Anderson is considering studying either criminal justice or psychology and plans to stay on the air.
“I probably won’t leave my job, I love my job,” she said. “Even if I never use the field of study, there’s something to be said about always learning.”
The bite-size approach that Frontliners offers also appeals to Anderson. Students need only enroll in six credits, or two classes, to maintain scholarship eligibility. Anderson will take her classes online, a convenience that didn’t exist when she last attended.
“You had to fit your schedule around the school. That’s not how it is now, and that has made all the difference,” she said.

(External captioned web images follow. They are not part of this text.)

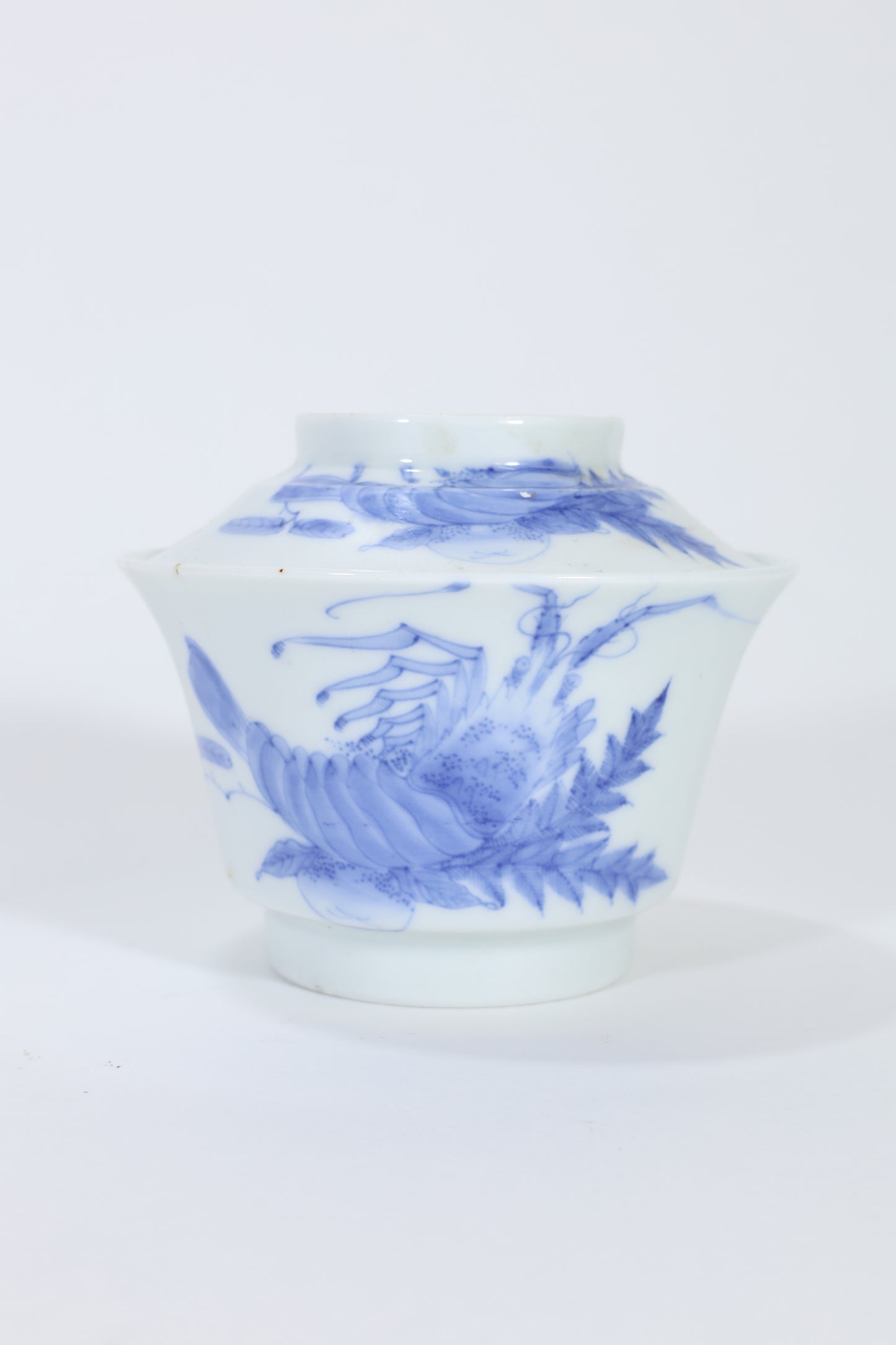 An Unusual Blue and White Chinese Covered Bowl with Lobster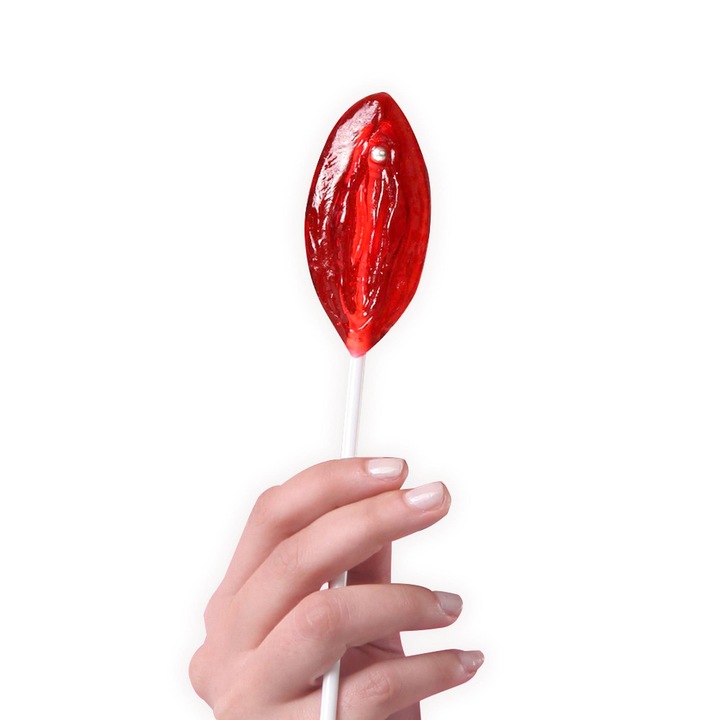 Lenjerie comestibila Boss of Toys, lizak aroma capsuni, aspect realist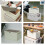 Faltbare Campingbox mit Deckel, 15L, Weiß 3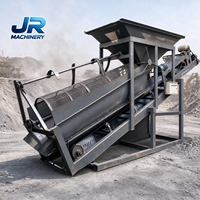 Crible rotatif à tambour pour sable, machine de criblage humide/sec pour le calibrage du sable de construction, fourni directement par l'usine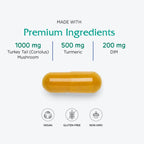 Vitanica CCDG Blend - Immune Support Supplement with Green Tea & Turmeric - DIM Supplement with Turkey Tail Mushroom - Dietary Supplement for Antioxidant & Cellular Support - Vegan - 90 Capsules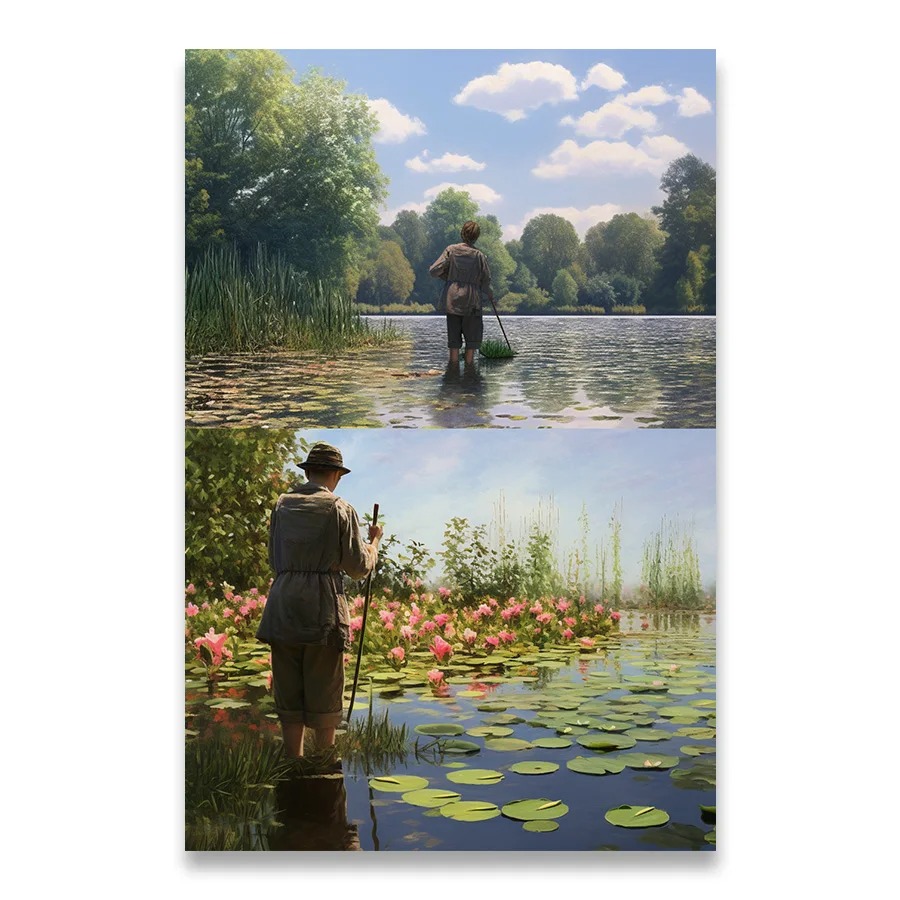Dekoration billeder værelse vægdekoration helbredende plakater til vægkunst lærred maleri natur landskab smuk natur hjem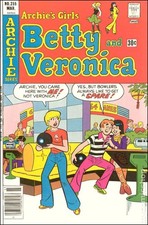Archie's Girls Betty and Veronica #255 VG 1977 Stock Image Low Grade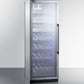 Summit 24" Wide Single Zone Commercial Wine Cellar SCR1401LHCHCSS-Wine Cellars-The Wine Cooler Club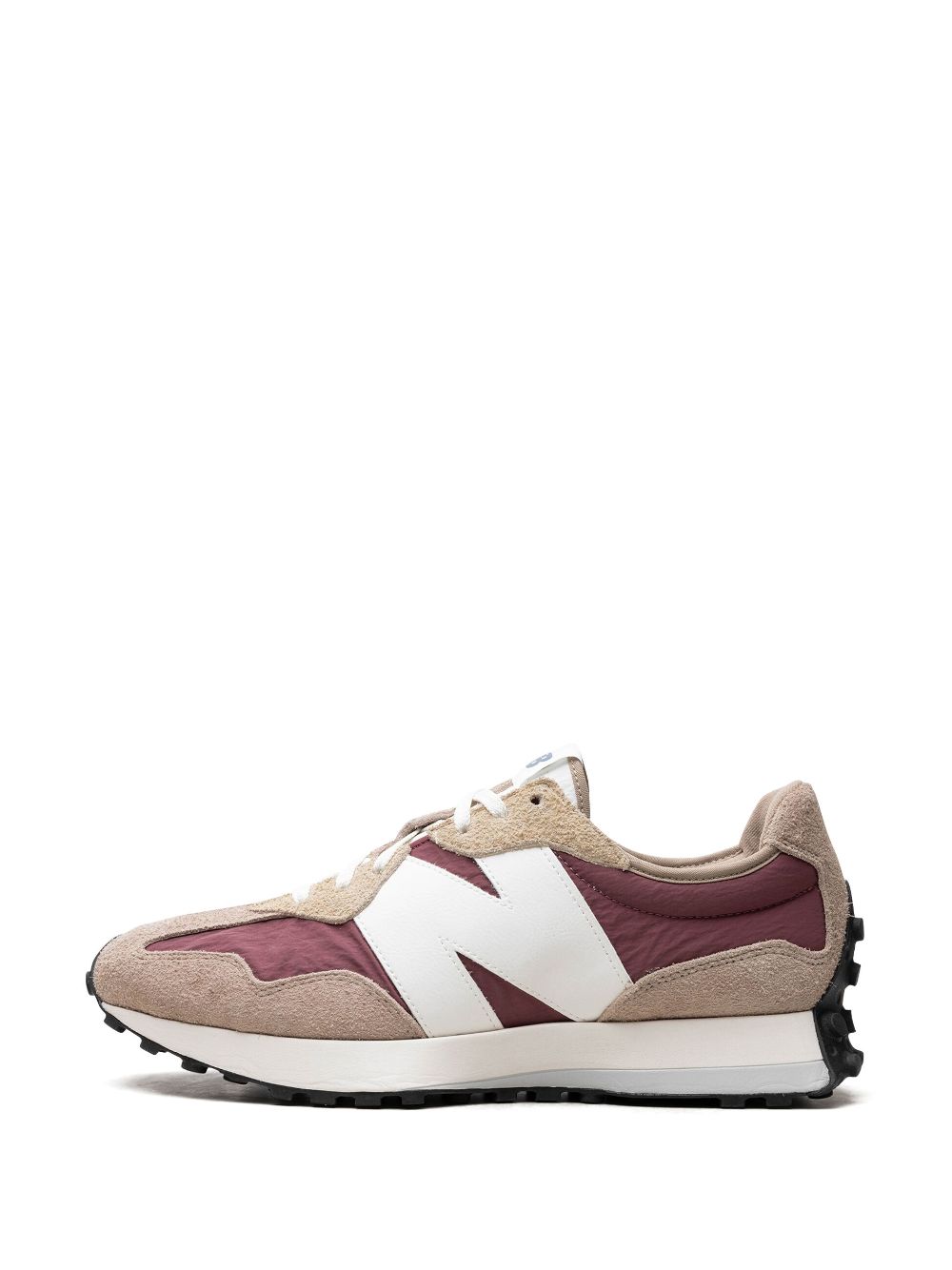 KICKWHO New Balance 327 "Driftwood Washed Burgundy" sneakers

She also plans to take full advantage of NMC’s many student support services. Advising, success coaching and tutoring are just a few available. Attempting to go solo factored into her previous false starts.
“I didn’t reach out for help, and therefore I ended up dropping out,” she said. “I know I need the support.”
This time, she’s already taking practice tests and practicing writing samples to prepare for an exam that would allow her to test out of an English course.
NMC’s in-district tuition rates apply to Grand Traverse County residents. Those who qualify for Futures for Frontliners but live outside the district may still take advantage of the scholarship by paying the difference.